24 votes

My Semester With the Snowflakes

3 comments

  1. cfabbro
    (edited )
    Link
    Thanks for posting this. The title had me a little worried at first, but it turned out to be a great read. The part about what a "safe space" really means in academic circles, i.e. not being...

    Thanks for posting this. The title had me a little worried at first, but it turned out to be a great read.

    The part about what a "safe space" really means in academic circles, i.e. not being sheltered from ideas but merely from disrespect, hostility and harsh judgement, struck me as an incredibly important lesson.

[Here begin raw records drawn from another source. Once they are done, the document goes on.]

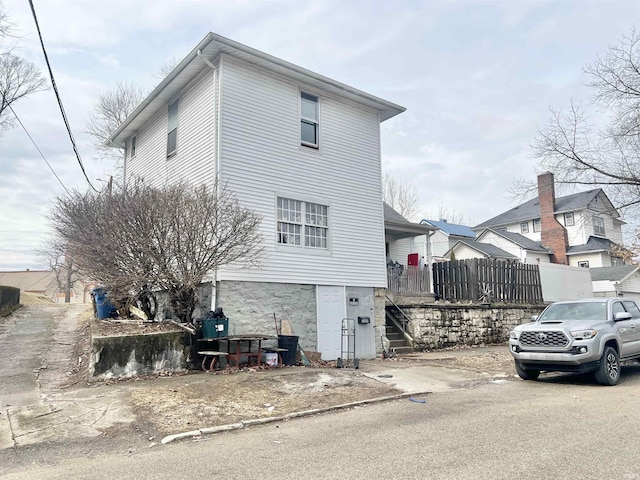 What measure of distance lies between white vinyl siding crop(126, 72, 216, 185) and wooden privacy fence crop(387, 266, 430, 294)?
24.6 ft

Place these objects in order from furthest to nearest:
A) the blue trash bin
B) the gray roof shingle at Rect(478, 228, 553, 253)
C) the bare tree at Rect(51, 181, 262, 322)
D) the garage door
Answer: the gray roof shingle at Rect(478, 228, 553, 253)
the blue trash bin
the garage door
the bare tree at Rect(51, 181, 262, 322)

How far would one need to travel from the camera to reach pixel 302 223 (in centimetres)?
1315

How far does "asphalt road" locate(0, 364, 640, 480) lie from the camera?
175 inches

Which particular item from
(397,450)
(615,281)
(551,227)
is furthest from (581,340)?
(551,227)

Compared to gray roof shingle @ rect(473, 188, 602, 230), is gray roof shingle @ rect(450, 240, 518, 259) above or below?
below

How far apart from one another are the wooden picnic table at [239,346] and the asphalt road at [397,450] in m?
3.64

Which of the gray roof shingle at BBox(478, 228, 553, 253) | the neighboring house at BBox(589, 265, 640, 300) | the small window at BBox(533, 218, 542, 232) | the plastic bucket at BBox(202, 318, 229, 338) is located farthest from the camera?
the small window at BBox(533, 218, 542, 232)

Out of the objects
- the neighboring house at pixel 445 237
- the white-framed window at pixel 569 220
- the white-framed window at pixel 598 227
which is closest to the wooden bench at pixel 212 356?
the neighboring house at pixel 445 237

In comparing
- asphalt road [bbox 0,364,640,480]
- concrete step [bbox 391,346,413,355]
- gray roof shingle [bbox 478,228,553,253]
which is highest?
gray roof shingle [bbox 478,228,553,253]

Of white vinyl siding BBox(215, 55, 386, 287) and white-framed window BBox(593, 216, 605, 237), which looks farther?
white-framed window BBox(593, 216, 605, 237)

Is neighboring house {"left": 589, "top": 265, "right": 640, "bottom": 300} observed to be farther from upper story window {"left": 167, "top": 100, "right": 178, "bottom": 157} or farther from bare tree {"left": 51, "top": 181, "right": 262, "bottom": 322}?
bare tree {"left": 51, "top": 181, "right": 262, "bottom": 322}

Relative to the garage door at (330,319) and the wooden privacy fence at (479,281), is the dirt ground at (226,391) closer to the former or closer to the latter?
the garage door at (330,319)

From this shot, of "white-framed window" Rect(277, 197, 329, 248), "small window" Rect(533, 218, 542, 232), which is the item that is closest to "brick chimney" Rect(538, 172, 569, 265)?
"small window" Rect(533, 218, 542, 232)

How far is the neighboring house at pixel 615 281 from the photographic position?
1238 inches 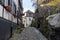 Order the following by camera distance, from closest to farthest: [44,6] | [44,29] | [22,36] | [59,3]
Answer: [22,36]
[44,29]
[59,3]
[44,6]

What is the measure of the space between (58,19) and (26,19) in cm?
5507

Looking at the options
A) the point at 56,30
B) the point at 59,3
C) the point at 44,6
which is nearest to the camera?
the point at 56,30

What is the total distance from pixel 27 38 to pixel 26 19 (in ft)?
180

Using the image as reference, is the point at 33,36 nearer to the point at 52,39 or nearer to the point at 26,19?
the point at 52,39

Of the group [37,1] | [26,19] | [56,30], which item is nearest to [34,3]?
[37,1]

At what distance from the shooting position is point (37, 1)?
63.7ft

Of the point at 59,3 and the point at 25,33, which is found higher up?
the point at 59,3

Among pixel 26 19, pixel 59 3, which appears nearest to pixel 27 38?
pixel 59 3

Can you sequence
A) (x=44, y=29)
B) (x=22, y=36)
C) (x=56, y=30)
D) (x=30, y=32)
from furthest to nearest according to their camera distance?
(x=44, y=29) < (x=30, y=32) < (x=22, y=36) < (x=56, y=30)

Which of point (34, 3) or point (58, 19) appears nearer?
point (58, 19)

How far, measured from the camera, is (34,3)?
63.7 feet

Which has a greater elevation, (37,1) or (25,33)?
(37,1)

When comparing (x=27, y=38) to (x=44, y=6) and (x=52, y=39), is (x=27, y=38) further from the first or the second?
(x=44, y=6)

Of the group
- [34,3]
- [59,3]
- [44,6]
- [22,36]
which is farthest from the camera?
[34,3] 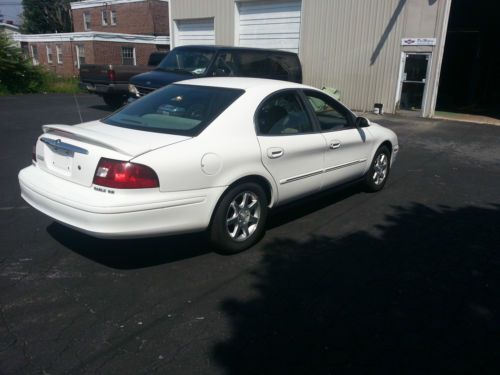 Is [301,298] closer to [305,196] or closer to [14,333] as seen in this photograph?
[305,196]

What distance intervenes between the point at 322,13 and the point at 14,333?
14.7 metres

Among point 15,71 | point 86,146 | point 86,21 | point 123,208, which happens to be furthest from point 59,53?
point 123,208

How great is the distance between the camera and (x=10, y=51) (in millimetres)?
19750

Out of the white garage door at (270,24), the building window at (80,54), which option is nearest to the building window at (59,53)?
the building window at (80,54)

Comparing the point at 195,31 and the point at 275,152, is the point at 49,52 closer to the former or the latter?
the point at 195,31

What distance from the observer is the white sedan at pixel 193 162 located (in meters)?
3.51

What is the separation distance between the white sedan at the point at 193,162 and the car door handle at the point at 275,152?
0.01 metres

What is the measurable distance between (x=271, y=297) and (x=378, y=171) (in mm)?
3453

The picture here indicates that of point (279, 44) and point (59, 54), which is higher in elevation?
point (279, 44)

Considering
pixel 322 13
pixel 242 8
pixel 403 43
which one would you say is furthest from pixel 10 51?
pixel 403 43

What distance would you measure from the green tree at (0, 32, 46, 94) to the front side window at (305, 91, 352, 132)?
59.3 ft

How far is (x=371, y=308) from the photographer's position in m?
3.36

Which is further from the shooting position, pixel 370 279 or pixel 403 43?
pixel 403 43

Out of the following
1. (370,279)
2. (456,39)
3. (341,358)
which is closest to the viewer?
(341,358) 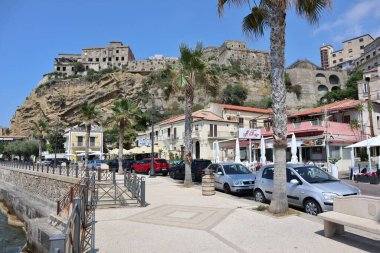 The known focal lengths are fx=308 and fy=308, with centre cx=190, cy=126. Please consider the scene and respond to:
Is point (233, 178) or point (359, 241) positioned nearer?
point (359, 241)

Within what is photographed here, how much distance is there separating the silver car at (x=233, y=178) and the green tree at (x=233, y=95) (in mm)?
61789

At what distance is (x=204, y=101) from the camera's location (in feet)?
268

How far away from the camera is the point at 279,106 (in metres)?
9.30

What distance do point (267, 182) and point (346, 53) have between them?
114 m

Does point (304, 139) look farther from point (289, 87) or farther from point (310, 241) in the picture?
point (289, 87)

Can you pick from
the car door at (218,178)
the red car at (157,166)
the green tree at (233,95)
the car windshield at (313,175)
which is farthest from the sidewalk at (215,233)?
the green tree at (233,95)

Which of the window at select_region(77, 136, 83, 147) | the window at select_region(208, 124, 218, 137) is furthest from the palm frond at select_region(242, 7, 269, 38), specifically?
the window at select_region(77, 136, 83, 147)

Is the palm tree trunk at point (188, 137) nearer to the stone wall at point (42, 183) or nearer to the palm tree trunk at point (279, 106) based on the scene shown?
the stone wall at point (42, 183)

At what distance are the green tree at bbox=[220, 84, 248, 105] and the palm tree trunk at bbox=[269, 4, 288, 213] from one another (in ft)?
223

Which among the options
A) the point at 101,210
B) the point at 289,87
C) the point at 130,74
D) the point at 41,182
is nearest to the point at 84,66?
the point at 130,74

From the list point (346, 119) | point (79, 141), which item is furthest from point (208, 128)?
point (79, 141)

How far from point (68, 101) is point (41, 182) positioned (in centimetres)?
7438

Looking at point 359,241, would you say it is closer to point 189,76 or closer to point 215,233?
point 215,233

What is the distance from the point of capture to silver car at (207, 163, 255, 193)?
1466 centimetres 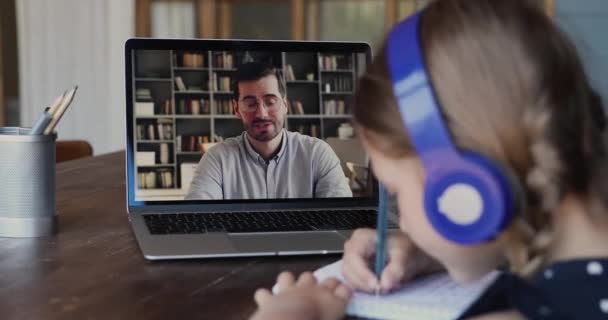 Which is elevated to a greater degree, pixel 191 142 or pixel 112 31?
pixel 112 31

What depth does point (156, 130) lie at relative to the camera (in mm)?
1228

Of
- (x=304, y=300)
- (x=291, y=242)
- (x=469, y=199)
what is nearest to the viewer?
(x=469, y=199)

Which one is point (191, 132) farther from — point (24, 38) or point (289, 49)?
point (24, 38)

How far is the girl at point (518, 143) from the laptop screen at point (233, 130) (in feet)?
1.72

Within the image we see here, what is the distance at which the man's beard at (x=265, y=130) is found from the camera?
1.21 m

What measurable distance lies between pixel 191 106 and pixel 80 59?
13.6 feet

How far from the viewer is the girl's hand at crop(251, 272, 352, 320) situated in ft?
2.30

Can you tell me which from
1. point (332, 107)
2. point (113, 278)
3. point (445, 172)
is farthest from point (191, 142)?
point (445, 172)

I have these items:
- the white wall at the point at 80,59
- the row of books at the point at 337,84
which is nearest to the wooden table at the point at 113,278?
the row of books at the point at 337,84

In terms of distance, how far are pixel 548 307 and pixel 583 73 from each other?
19 centimetres

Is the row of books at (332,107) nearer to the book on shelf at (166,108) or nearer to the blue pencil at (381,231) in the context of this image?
the book on shelf at (166,108)

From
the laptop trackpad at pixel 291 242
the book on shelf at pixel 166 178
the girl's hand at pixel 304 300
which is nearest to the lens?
the girl's hand at pixel 304 300

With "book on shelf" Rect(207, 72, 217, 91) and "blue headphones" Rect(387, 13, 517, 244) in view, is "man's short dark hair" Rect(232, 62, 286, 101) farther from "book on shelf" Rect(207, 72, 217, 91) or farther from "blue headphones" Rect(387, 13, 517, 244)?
"blue headphones" Rect(387, 13, 517, 244)

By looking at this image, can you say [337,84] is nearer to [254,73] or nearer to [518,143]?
[254,73] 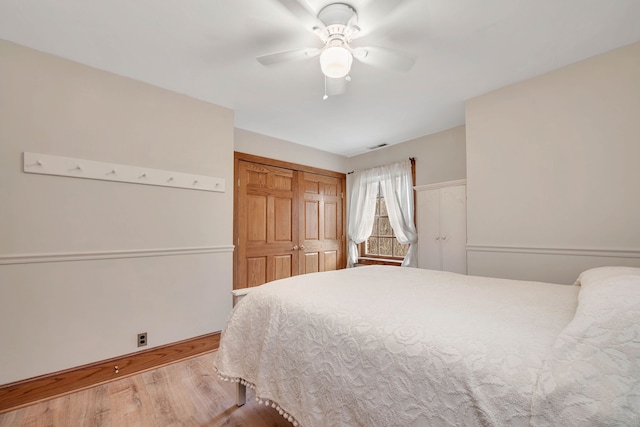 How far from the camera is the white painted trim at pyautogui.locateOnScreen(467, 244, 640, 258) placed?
188 centimetres

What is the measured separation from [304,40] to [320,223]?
2812mm

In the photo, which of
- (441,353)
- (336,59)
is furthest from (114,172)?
(441,353)

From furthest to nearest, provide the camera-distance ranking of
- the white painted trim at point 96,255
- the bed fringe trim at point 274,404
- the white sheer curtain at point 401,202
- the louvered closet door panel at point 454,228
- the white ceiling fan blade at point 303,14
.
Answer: the white sheer curtain at point 401,202, the louvered closet door panel at point 454,228, the white painted trim at point 96,255, the white ceiling fan blade at point 303,14, the bed fringe trim at point 274,404

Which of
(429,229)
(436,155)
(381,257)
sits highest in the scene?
(436,155)

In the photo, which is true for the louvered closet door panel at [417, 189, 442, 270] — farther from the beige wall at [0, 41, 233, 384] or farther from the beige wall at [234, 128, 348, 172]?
the beige wall at [0, 41, 233, 384]

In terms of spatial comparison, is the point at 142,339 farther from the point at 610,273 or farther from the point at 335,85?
the point at 610,273

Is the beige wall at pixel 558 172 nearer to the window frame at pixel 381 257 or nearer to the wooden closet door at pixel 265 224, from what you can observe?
the window frame at pixel 381 257

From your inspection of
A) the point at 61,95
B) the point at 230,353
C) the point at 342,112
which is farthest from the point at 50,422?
the point at 342,112

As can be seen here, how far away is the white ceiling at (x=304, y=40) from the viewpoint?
1579mm

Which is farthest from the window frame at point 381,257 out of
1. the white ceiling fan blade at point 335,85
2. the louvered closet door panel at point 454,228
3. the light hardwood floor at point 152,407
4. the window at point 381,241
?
the light hardwood floor at point 152,407

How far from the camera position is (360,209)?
14.5ft

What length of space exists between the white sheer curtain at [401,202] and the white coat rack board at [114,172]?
2370 millimetres

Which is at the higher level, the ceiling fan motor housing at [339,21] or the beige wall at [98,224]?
the ceiling fan motor housing at [339,21]

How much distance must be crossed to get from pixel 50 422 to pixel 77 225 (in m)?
1.27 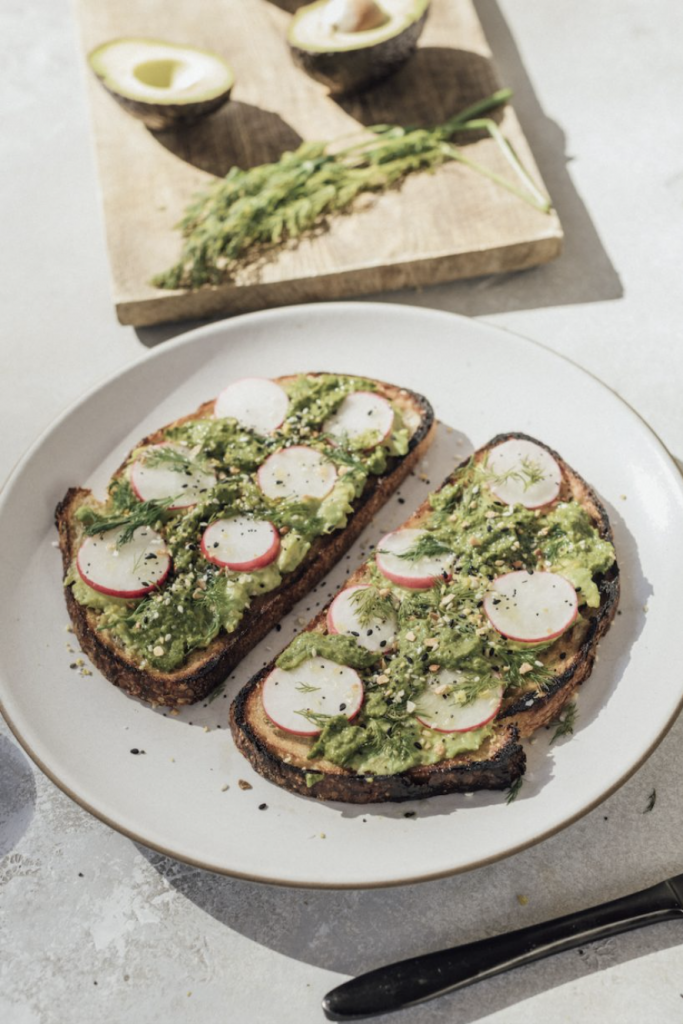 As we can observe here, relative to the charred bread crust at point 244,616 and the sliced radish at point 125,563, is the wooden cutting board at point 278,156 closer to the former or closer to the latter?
the charred bread crust at point 244,616

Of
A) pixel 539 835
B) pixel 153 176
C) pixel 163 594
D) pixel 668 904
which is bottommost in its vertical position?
pixel 668 904

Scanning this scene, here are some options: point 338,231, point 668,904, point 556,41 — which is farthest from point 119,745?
point 556,41

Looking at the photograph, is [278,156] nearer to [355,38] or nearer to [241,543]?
[355,38]

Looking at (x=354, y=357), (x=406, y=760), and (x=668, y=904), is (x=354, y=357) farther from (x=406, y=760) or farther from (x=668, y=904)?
(x=668, y=904)

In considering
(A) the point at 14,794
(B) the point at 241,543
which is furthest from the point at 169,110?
(A) the point at 14,794

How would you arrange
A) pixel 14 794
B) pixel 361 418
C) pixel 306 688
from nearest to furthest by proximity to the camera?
pixel 306 688
pixel 14 794
pixel 361 418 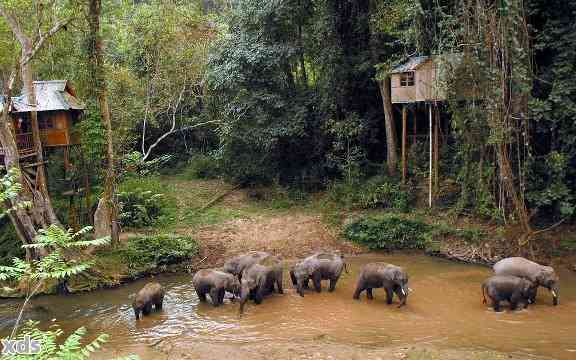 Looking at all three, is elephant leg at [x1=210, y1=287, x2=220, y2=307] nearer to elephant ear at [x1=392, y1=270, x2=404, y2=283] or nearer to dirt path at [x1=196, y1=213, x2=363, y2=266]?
dirt path at [x1=196, y1=213, x2=363, y2=266]

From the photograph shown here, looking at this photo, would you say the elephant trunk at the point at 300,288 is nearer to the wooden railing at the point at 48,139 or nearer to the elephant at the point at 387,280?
the elephant at the point at 387,280

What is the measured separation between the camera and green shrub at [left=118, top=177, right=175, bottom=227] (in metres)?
20.5

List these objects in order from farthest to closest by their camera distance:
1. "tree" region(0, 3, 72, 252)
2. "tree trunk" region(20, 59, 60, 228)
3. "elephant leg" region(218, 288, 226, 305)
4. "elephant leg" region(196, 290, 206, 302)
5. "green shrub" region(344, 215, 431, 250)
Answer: "green shrub" region(344, 215, 431, 250) < "tree trunk" region(20, 59, 60, 228) < "tree" region(0, 3, 72, 252) < "elephant leg" region(196, 290, 206, 302) < "elephant leg" region(218, 288, 226, 305)

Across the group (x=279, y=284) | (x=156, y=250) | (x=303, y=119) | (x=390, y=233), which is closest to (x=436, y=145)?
(x=390, y=233)

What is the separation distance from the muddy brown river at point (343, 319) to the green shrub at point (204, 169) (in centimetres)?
1280

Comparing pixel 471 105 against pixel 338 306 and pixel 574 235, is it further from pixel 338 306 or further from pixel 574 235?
pixel 338 306

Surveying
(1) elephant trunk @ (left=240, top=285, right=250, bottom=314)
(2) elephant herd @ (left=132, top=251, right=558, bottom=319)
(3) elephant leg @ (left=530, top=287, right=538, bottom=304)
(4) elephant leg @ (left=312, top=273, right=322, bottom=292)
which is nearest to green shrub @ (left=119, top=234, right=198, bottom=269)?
(2) elephant herd @ (left=132, top=251, right=558, bottom=319)

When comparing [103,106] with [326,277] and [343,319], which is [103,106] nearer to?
[326,277]

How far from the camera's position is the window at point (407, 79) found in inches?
747

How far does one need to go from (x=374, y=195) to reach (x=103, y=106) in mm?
10679

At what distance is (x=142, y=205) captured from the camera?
21203mm

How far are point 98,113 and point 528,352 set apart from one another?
48.0ft

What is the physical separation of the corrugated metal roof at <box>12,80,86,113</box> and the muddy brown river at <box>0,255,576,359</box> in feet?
21.4

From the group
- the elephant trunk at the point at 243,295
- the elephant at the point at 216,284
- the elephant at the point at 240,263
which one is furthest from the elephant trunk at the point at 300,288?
the elephant at the point at 216,284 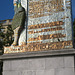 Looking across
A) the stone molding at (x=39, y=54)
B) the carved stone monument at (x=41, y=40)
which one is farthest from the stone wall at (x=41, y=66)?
the stone molding at (x=39, y=54)

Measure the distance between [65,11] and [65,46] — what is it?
167cm

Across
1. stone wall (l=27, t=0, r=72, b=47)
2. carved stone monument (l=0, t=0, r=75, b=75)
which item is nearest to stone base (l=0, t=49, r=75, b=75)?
carved stone monument (l=0, t=0, r=75, b=75)

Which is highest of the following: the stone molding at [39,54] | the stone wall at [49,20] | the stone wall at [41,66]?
the stone wall at [49,20]

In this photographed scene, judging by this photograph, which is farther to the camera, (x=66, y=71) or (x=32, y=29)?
(x=32, y=29)

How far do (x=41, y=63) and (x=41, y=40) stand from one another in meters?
1.11

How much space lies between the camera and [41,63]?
7727 mm

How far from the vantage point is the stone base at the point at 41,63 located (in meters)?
7.32

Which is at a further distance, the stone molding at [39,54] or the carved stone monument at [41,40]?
the carved stone monument at [41,40]

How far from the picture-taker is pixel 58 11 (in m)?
8.31

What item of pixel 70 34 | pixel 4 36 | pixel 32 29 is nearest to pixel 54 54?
pixel 70 34

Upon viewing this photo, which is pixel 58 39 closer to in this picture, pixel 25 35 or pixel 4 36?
pixel 25 35

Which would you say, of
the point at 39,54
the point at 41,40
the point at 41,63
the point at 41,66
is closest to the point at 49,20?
the point at 41,40

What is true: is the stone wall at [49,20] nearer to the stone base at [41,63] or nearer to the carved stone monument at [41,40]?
the carved stone monument at [41,40]

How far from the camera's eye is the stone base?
732 cm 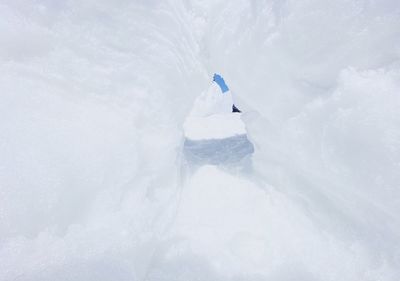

It's depressing to me how twisted so many concepts like that have become now, and it's insane how effective they are being used as a political weapons to divide us... but it also gave me hope, since all it really took for this man to realize how wrong some of the notions he had developed were, that were based on the false narratives he had been fed, was some real life exposure to some of the people that had been demonized with it.

    p.s. Because the author interested me so much, I decided to google him, which lead me here:

    https://www.stripes.com/news/navy-seal-dog-handler-how-a-failed-mission-to-rescue-bowe-bergdahl-caused-irreparable-loss-1.385511

    That is one badass dude!

    16 votes
  2. Grzmot
    Link
    Funny thing about the typical snowflakes is that they only seem to exist on the internet. The closest I've ever come to one in real life is in conversation with an old classmate of mine, who's...

    Funny thing about the typical snowflakes is that they only seem to exist on the internet. The closest I've ever come to one in real life is in conversation with an old classmate of mine, who's currently studying to become an Arts teacher. In her entire university (a university focused on art) there are about fifteen people who fulfill absolutely every stereotype that the internet snowflakes do. Their opinions are amplified because they've found a nest in the local Student's Association (and thus are occasionally covered in the news). They hate men, especially white men. They only let you in the association if you're a woman, and only then if you're lesbian or queer. They hold talks on racism where white people are banned (in a country where white people make up 90%+ of the population). She met one person who changed names and pronouns in a matter of hours. These people have interruped talks because someone didn't use the correct words (and I don't mean insults, I mean words that wouldn't be special to the normal person).

    My point here is, that even on probably the most liberal place on earth you could go; an Arts University, only about fifteen people out of a few hundred fulfill the strawman arguments often hurled at "all liberals" by conservative think-tanks or alt-right articles. Only fifteen people are so extremist that you probably couldn't talk them off their pedestal no matter how hard you tried. The rest quietly roll their eyes at them and move on with their lives.

    This exactly same situation is mirrored with the other side. There isn't some magical switch that people hit on their 50th birthday where they suddenly isolate themselves and start posting bad memes about Trump and how fake global warming is.

    Of course, just like those 15 internet snowflakes from Arts Uni, you'll meet older people who are so set in their ways that you will never be able to change them, no matter how many conversations you'll lead with them. The best thing you can do then is ignore them and move on. Talk to the next person. Don't try and evangelize them. Go into conversations looking to learn something from someone who's lived longer than you and try offer your perspective on issues they have questions on. Surprise, if you treat people as equal in conversations, don't be dismissive or belittling, you may learn something, and they may learn in return. Because as it turns out, older people have opinions for a reason, and often enough, these are good reasons.

    The author in this article had a classic view on college and snowflakes, tainted by his past path in life and probably the source of his news and his friends. But he changed, because he realized that the world was bigger, because he went and talked to people who he knew disagreed with him, he was open-minded and learned from others, and probably helped the younger people at Yale gain a more nuanced outlook on life.

    It's easy to say that radical change is necessary due to the issues the planet is facing, but if you take a practical look at everything: In the West older people are already the majority. They always will be, and it's going to get worse. We'll have to compromise, and if it kills us because we didn't do enough in the end, is that really going to be any worse than if it killed us, and we didn't do anything?

    12 votes
  3. Akir
    Link
    Honestly, if I were to say that there is one thing wrong with culture in general right now, this is the very core of it. I've spoken about a racist coworker in the past, and about a week or two...

    We don’t need more condescending friction in humanity. We need less. One step in the direction of less societal friction is to seek commonalities. Another step, and one that is sorely needed, is respect.

    Honestly, if I were to say that there is one thing wrong with culture in general right now, this is the very core of it.

    I've spoken about a racist coworker in the past, and about a week or two ago, I realized that the main reason why I was hating him so much was that in spite of how much respect I was giving him, he didn't actually respect anyone. He didn't respect the people who live in the area, he didn't respect Latinx people, and he certainly doesn't respect me.

    Likewise this explains the current state of online discourse. If you look at practically any Reddit thread that has anything about oppinion, you will always see at the bottom of the pile a collection of comments that are written specifically to be insulting.